### Work task
Output the line that contains "SHOCKWAVE Impact Duty", then every line beneath it through the end of the records, exactly as given and with no other lines.

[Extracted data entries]
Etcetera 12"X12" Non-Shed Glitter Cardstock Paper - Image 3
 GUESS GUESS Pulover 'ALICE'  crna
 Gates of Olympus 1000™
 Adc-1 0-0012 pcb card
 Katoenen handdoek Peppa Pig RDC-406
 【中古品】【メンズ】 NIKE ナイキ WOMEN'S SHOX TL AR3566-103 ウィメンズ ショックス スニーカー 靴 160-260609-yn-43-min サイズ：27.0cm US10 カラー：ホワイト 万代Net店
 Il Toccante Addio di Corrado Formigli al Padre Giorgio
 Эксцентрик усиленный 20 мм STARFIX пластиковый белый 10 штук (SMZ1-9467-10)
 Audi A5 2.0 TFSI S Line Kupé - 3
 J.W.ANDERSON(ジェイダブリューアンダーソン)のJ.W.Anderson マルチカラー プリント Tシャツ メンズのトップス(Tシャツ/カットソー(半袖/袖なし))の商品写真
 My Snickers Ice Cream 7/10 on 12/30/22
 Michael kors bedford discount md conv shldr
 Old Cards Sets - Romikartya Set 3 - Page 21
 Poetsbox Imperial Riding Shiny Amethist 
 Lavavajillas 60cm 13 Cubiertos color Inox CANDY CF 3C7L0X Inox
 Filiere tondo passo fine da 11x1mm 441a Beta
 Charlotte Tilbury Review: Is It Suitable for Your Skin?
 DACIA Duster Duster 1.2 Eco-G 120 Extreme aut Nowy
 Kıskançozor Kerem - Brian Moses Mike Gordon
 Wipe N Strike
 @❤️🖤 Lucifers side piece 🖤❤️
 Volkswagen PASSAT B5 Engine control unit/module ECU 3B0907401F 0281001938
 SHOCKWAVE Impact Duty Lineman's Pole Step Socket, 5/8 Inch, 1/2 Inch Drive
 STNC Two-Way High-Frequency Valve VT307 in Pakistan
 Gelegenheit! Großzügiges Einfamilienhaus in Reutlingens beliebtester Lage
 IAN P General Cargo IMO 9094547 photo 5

### Response to the exercise
 SHOCKWAVE Impact Duty Lineman's Pole Step Socket, 5/8 Inch, 1/2 Inch Drive
 STNC Two-Way High-Frequency Valve VT307 in Pakistan
 Gelegenheit! Großzügiges Einfamilienhaus in Reutlingens beliebtester Lage
 IAN P General Cargo IMO 9094547 photo 5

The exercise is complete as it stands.